WORK REQUIRED: Leaving out the images, please reproduce each line below exactly.

COLLECTED MATERIAL:

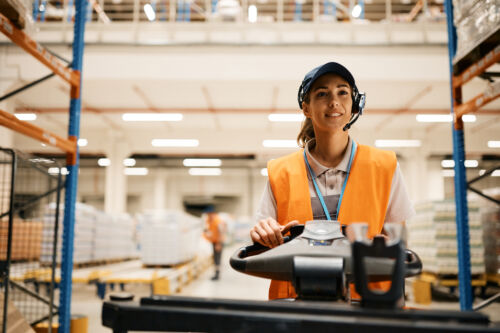 Young female worker driving pallet jack while working at distribution warehouse.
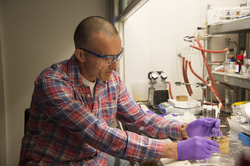 Chris Reddy working with Isochrysis algae in his lab.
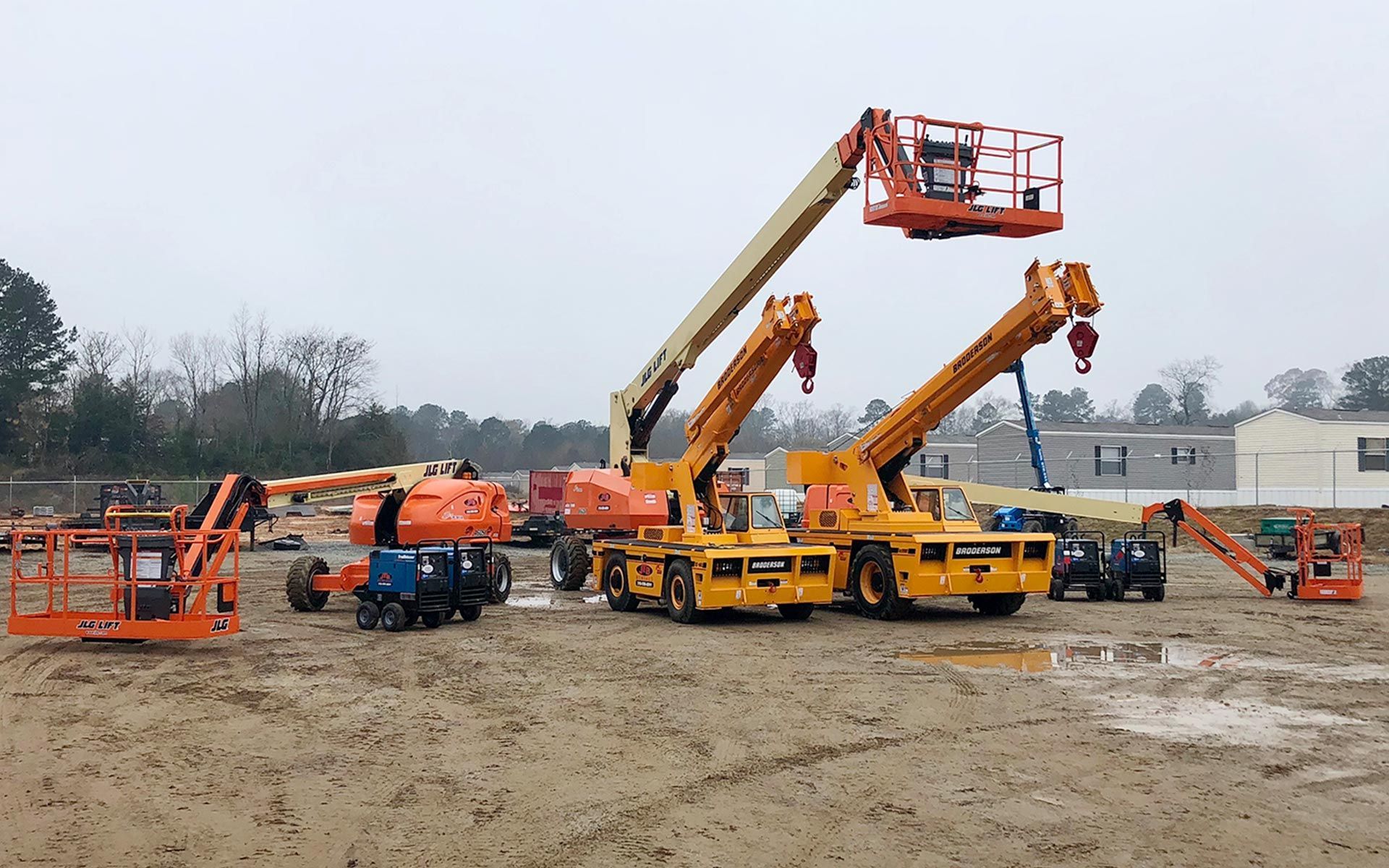 Construction site with several orange and yellow boom lifts on muddy ground.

EXERCISE RESULT:
 Young female worker driving pallet jack while working at distribution warehouse.
 Chris Reddy working with Isochrysis algae in his lab.
 Construction site with several orange and yellow boom lifts on muddy ground.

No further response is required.